Another concern — and an actual legal citation — surrounding the central office is the lack of job evaluations for central office administrators and staff. There was “no evidence" administrators were annually evaluated, and “numerous” personnel files lacked current or on-cycle evaluation.

“That’ll be fixed immediately,” Kobylski said. “There’s no reason that should have happened.”

The district has four required corrective actions with two deadlines. By August 2019, the district must establish written evaluation criteria and annually implement evaluation procedures; establish written job descriptions for all supervisory positions; and review all administrative position files to determine the last evaluation.
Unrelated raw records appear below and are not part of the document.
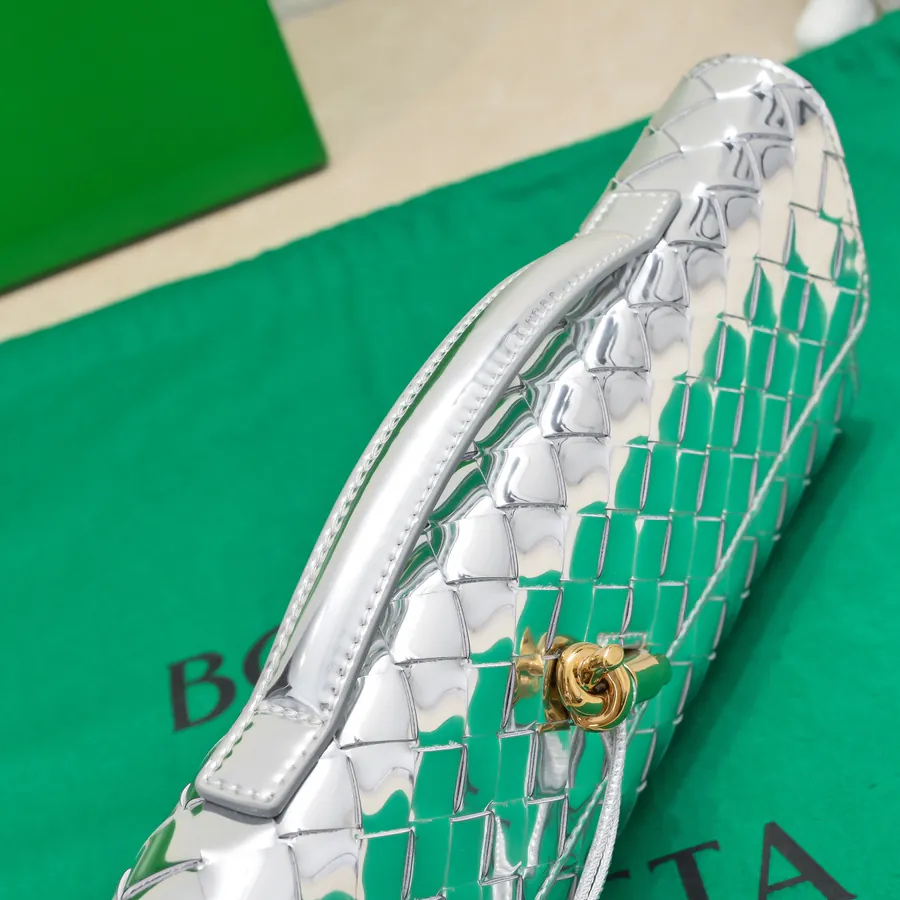 BV Andiamo Evening Clutch, Timeless Elegance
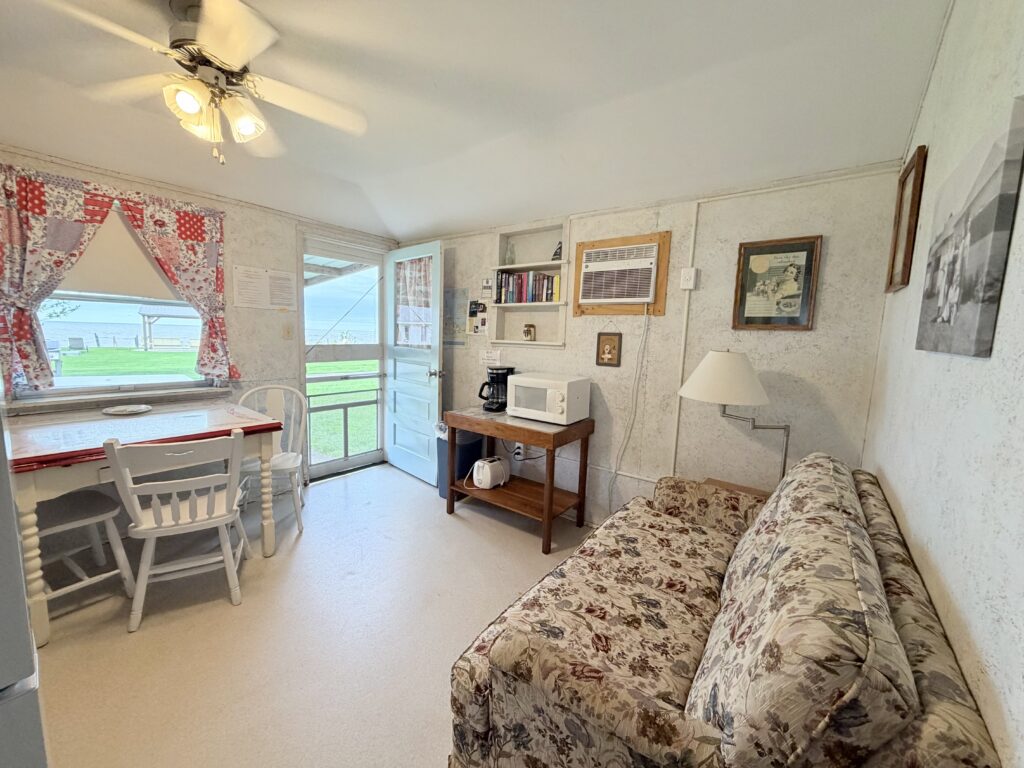 Cottage 5 dinning and living space.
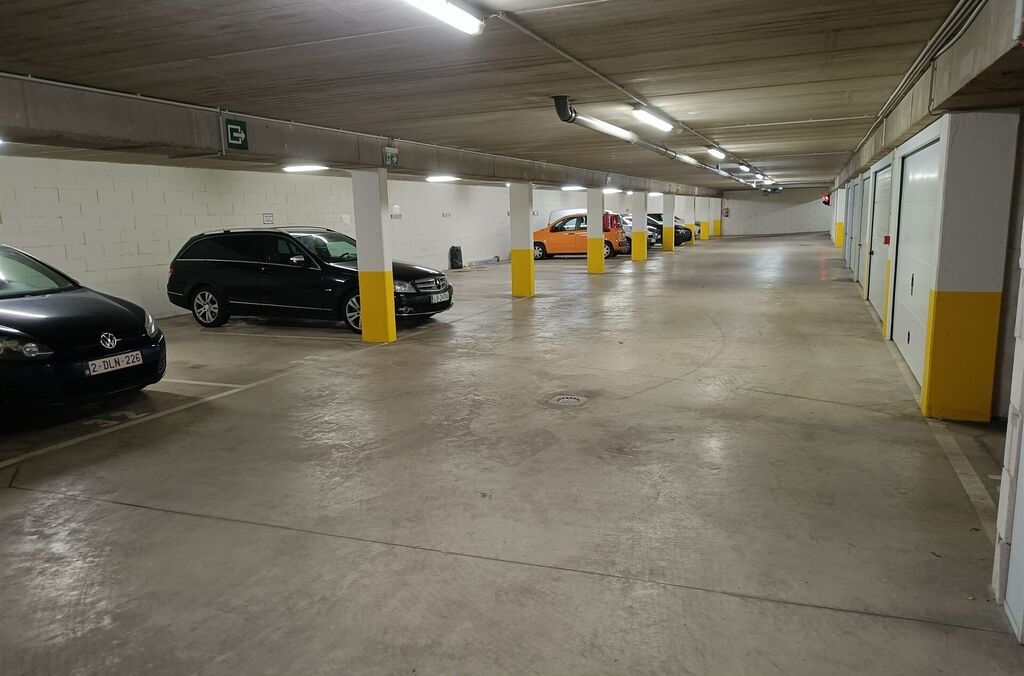 Garages / d&eacute;pots &agrave; louer &agrave; WEMMEL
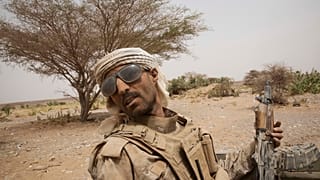 مقاتل يمني موال للقوات الحكومية بالقرب من مأرب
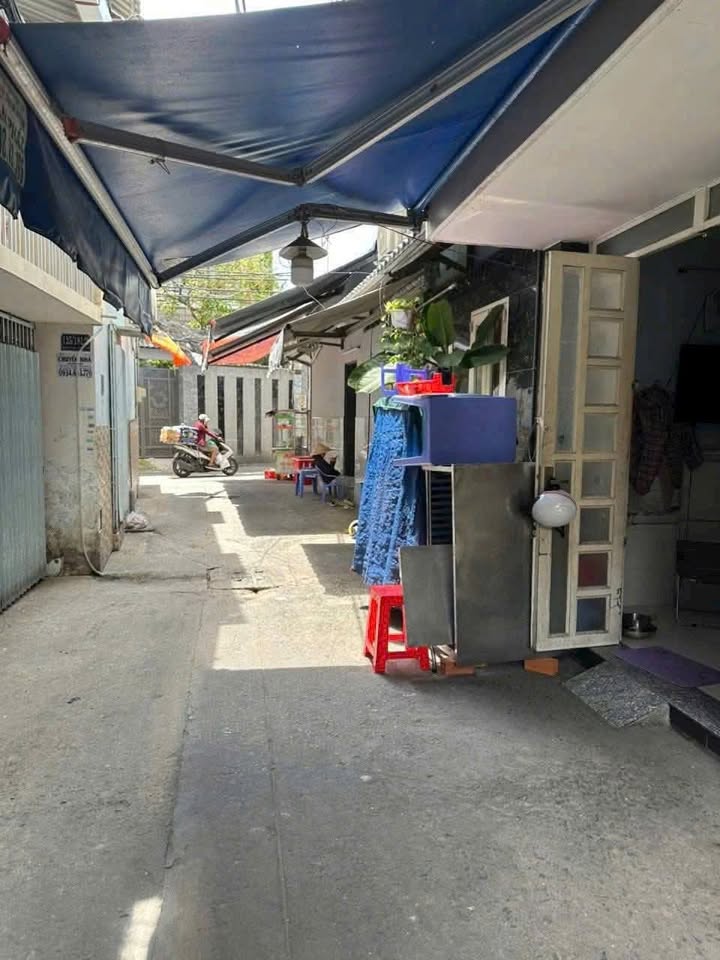 Ngôi nhà xưa trên phố Nguyễn Thị Tần, Quận 8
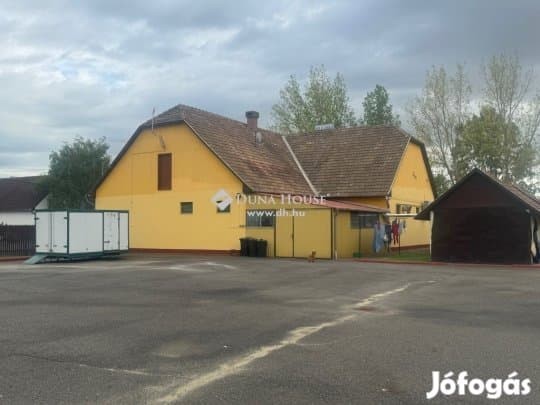 Eladó Üzlethelyiség, Hortobágy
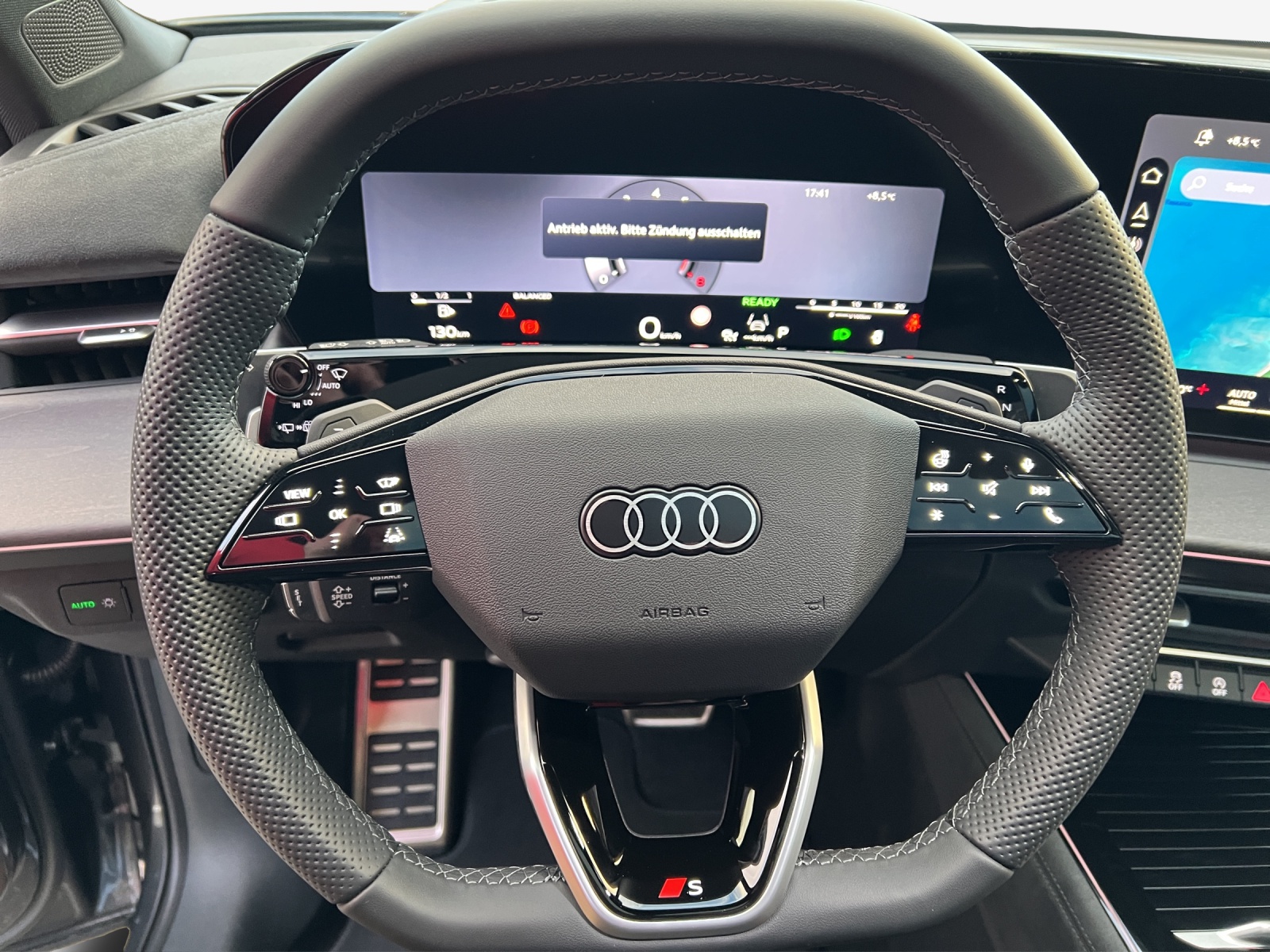 AUDI Q3 SUV TFSI quattro 195 kW S tronic-image-9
By August 2020, the district must be evaluating administrators on an annual basis.

Building principals are already being evaluated on an annual basis, Schneckloth said, adding that all of the evaluations for administrators in the central office were “started, at least.”

“Right now, we’re working on our national expert to rebuild,” he said. “We’re calling it a report card system that flows from buildings to assistant superintendents to the superintendent on our goals.”

In the meantime, Schneckloth said he was having “pre-meetings” with administrators to talk about the leadership standards from the state and to reflect on what evidence might demonstrate those standards were being met.

“I’m reviewing with each of them whether they’re meeting those goals,” he said.

The district will report to the Board of Education on Thursday, and the board will discuss the report and vote on the recommendations, pending any amendments board members might propose.

“It’s very important everyone understands we’re partnering with the state moving forward,” Kobylski said. “... We’re going to look back on this and realize we became a better district.”